Propone ricorso per cassazione l’avv. Salvatore Ponticiello, nominato difensore
dall’imputato, il quale, dopo aver trascritto il contenuto della richiesta avanzata alla
Corte territoriale, lamenta che la Corte stessa si sia limitata a motivare in ordine alla
regolarità della notifica dell’estratto contumaciale senza pronunciarsi sulla richiesta
di restituzione nel termine fondata sul fatto che l’imputato non aveva avuto notizia
della sentenza emessa nei suoi confronti. D’altra parte, la richiesta di cui all’art. 175,
comma 2, presuppone proprio la regolarità della notifica, mentre la richiesta
riguardava il diverso profilo della ignoranza del procedimento; donde il vizio, non
soltanto di violazione di legge, ma anche di carenza di motivazione.
Il ricorso è fondato. A fronte, infatti, della univoca richiesta avanzata
nell’interesse dell’ASAN intesa a sollecitare l’applicazione dell’art. 175, comma 2,
cod. proc. pen., sul rilievo della dedotta incolpevole mancata conoscenza del
procedimento celebratosi in sua contumacia e della sentenza di condanna pronunciata
a suo carico ed il cui estratto contumaciale era stato notificato al difensore, a norma
dell’art. 161, comma 4, cod. proc. pen. senza aver mai rinunciato a comparire in
giudizio o a formulare impugnazione, né essersi volontariamente sottratto alla
conoscenza degli atti del procedimento, la Corte territoriale, investita della richiesta,
si è limitata a motivare in ordine alla regolarità della notificazione dell’estratto
contumaciale senza pronunciarsi in alcun modo sulla richiesta di restituzione nel
termine per proporre impugnazione: richiesta che, evidentemente, in sé presuppone la
regolarità della notificazione dell’estratto e la conseguente intervenuta irrevocabilità
della pronuncia cui la richiesta stessa si riferisce.

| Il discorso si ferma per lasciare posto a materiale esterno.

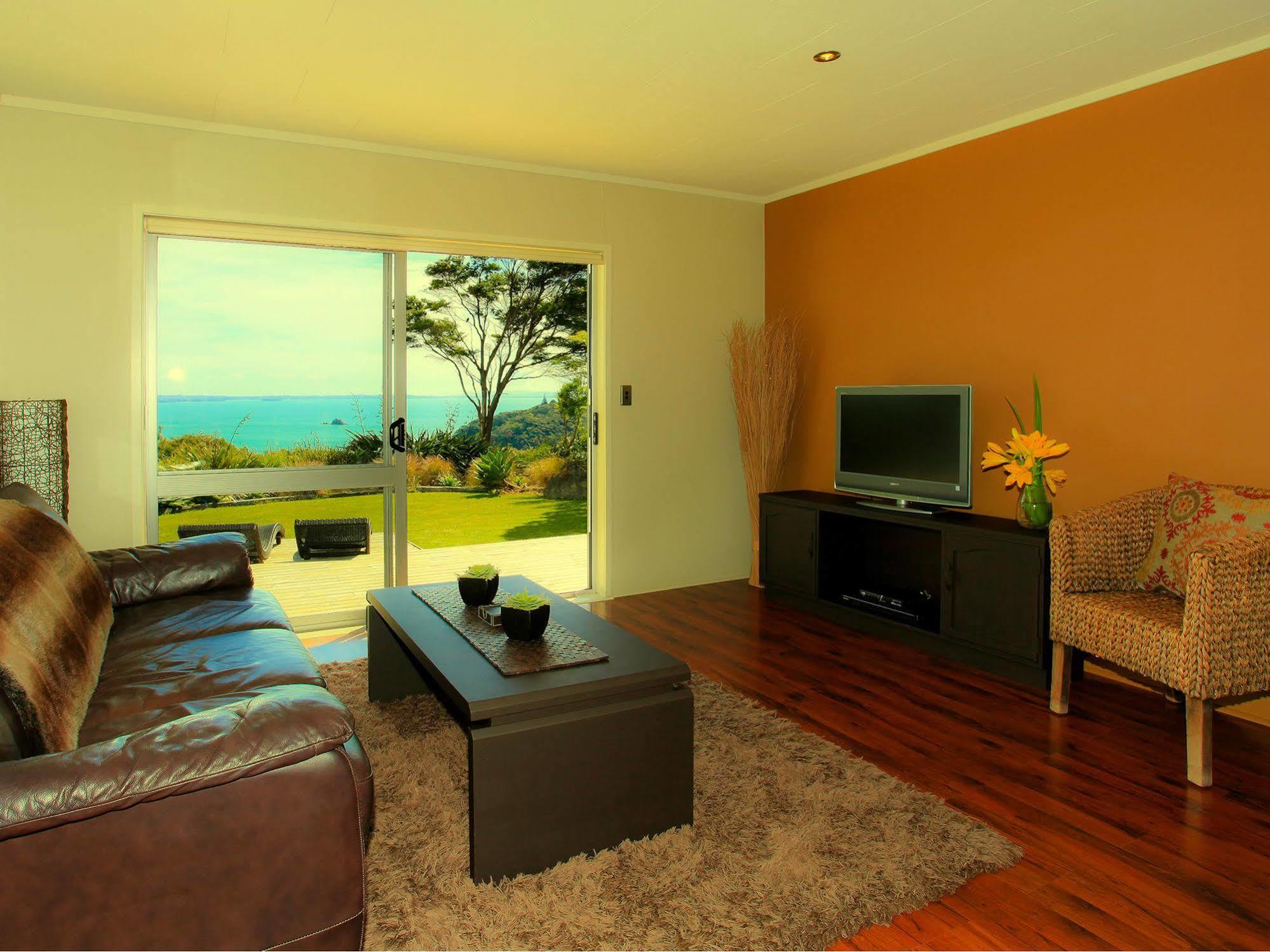 Koi Roc Waiheke Island Accommodation Bagian luar foto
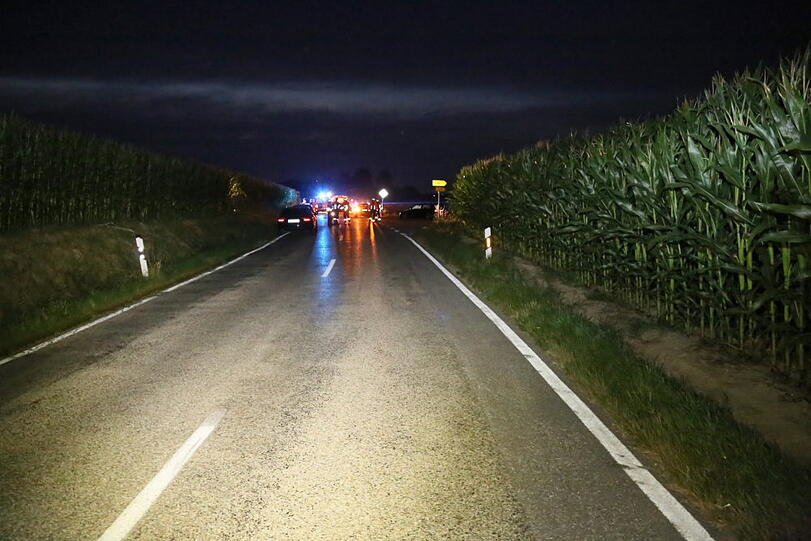 Die Fahrt eines Nissan-Fahrers endete in einer Tragödie. Der Mann wurde beim Unfall aus dem Auto geschleudert.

D’altra parte, questa Corte ha avuto
modo di puntualizzare, in varie circostanze, che è illegittimo il provvedimento di
rigetto di una istanza di restituzione nel termine per proporre opposizione a decreto
penale di condanna fondato sul mero rilievo della regolarità formale della notifica, in
quanto quest’ultima, se non effettuata a mani dell’interessato, non può essere da sola
considerata dimostrativa dell’effettiva conoscenza dell’atto da parte del destinatario.
(Fattispecie relativa alla notifica a mezzo del servizio postale). (Sez. 1, n. 16523 del
16/03/2011 – dep. 27/04/2011, Scialla, Rv. 250437).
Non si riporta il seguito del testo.